Sonic Sentinel Gunshot Detector

Introduction

Active shooter incidents often go undetected until after multiple rounds have been fired, leading to delayed responses and tragic outcomes. SonicSentinel addresses this challenge by providing a low-cost, battery-powered acoustic detection node built around the PIC16F13145 Curiosity Nano. The system continuously monitors ambient sound through a Max4466 microphone amplifier, processes the incoming audio with a real-time FFT on the microcontroller, and uses simple visual feedback to indicate safety (green) or potential danger (red). By leveraging optimized signal processing and the CLB, SonicSentinel can detect the characteristic frequency signature of gunshots within milliseconds and notify nearby responders or trigger additional alerts.

Methodology

Four PIC16F13145 peripherals and their drivers were used:

• EUSART1 
• Interrups
• Configurable Logic Block clocked on Timer2
• ADC clocked on Timer1.

Figure 2.1: PIC16F13145 Design Tree.

CLB Design

Figure 2.2: CLB Design Flow

The CLB takes input from the software-driven CLBSWIN0. When CLBSWIN0 is true, the Safety LED Indicators are turned on, and the simulation for the Danger Alert LED Indicator Array remains off. When CLBWIN0 is false, a Danger Alert is triggered and the Verilog simulation runs until CLBWIN0 returns to true by triggering the reset. Below is a State Transition Table for the State Machine Architecture that the Verilog simulation code is built upon. 

Hardware Setup:

• Microphone: A Max4466 amplifier module is connected to the PIC’s analog input (RA0) to capture sound pressure levels.
• Analog-to-Digital Conversion: The built-in ADC on the PIC16F13145 samples the audio signal. 
• LED Indicator Arrays: 10 GPIO pins drive 6 red and 4 green LEDs. Under normal conditions, the green LED remains lit. A detected gunshot or emergency button press triggers the red LED Array simulation. 

Figure 2.3: Schematic Diagram of the Hardware Setup Connection. 

FFT Implementation 

Blocks of 64 audio samples were collected, and a standard Cooley‑Tukey FFT run was performed to turn each time‑domain frame into its frequency‑domain representation. Because the input is real, only the first 32 bins actually carry unique information (the remaining bins mirror them), so the redundant half was discarded. These 32 bins gave an evenly‑spaced spectrum, from DC up to Nyquist. Lastly, a simple magnitude for each bin was computed, which became the basis for the detection logic.

Detection Algorithm

To reliably spot gunshots "brief, broadband impulses," a two‑metric test was used, tuned, and developed against test audio samples conducted. 

Spectral Flux

Measures how much the spectrum jumps from one FFT frame to the next. Gunshots show a large, sudden spike; ordinary sounds (speech, music, ambient noise) tend to change more gradually. Using this formula.
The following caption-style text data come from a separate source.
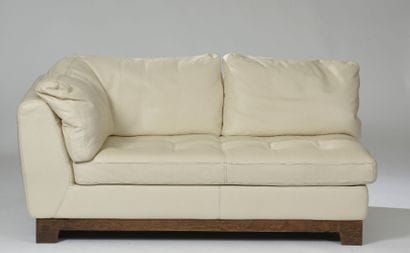Méridienne en cuir grainé crème, le piétement...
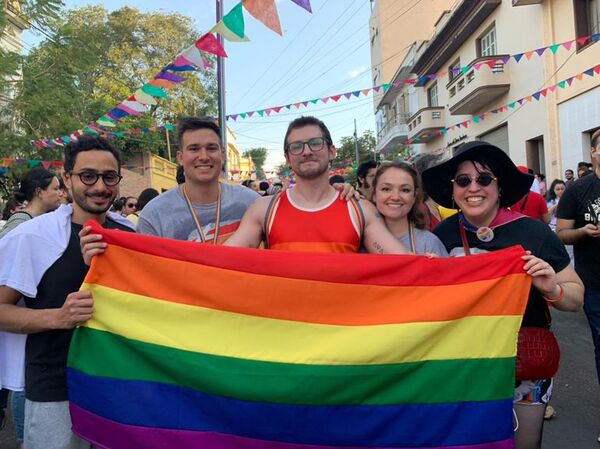 La respuesta del diplomático británico a tuits homofóbicos - Nacionales - ABC Color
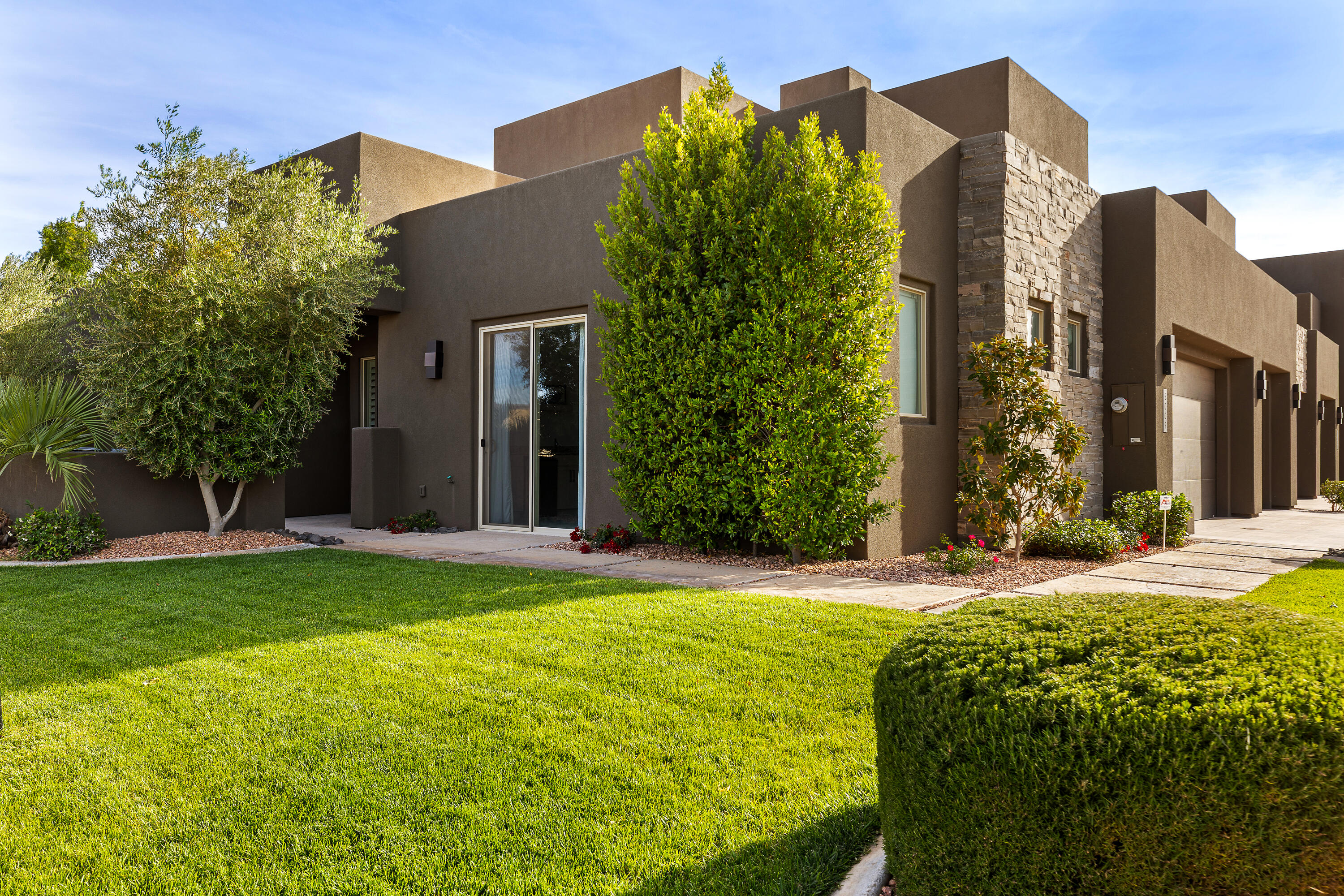 TAVA RESORT AT SAND HOLLOW - Residential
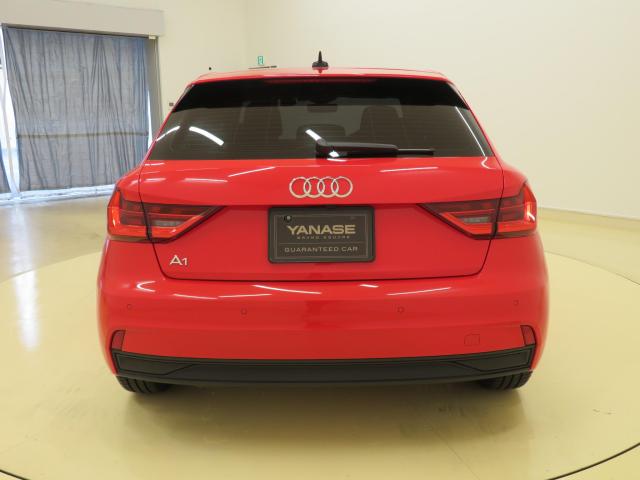 アウディ A1 スポーツバック 25 TFSI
The spectrum flux formula compares consecutive audio sample frames “X” to compute the sum of the difference between individual frequency bins, given that a jump is detected.  

Active‑Bin Count

Counts how many of the 32 bins exceed their “ambient‑only” noise floor. Utilizing collected background data, a per‑bin threshold was set so that everyday noises rarely light up more than a handful of bins, whereas a gunshot lights up many at once.

Results

Figure 3.1: Example Collected Ambient Noise Frequency Bins Data Samples

Figure 3.2: Example Collected Gun Shot Detected Frequency Bins Data Samples

Figure 3.3: Example Collected Loud Music Frequency Bins Data Samples

Resource Utilization:

• Program Memory: 5,715 of 8,192 words used (~70%)
• Data Memory: 503 of 1,024 bytes used (~49%)

Discussion

The decision for the detection algorithm used was mainly data-driven. For the purpose of demonstrating in this project, A pistol sound from the upbeat.io website was used for gunshot sounds. No actual gun was used in the calibration and the interpretation of the sampling data. However, the code structure was written so well, allowing easier calibration on any alternative scope of variables. One of the major challenges during this project was finding the right documentation and learning resources. This slightly slowed down progress. To solve this, I mainly used the documentation provided, and also read other project examples available and related to my project. 

Conclusion

SonicSentinel showcases how dynamic, real-time signal processing on a low-cost microcontroller can deliver rapid, reliable gunshot detection with minimal hardware. The integration of a Max4466 microphone, optimized 64-point FFT, clear LED indicators, and a UART peripheral provides an effective proof of that concept.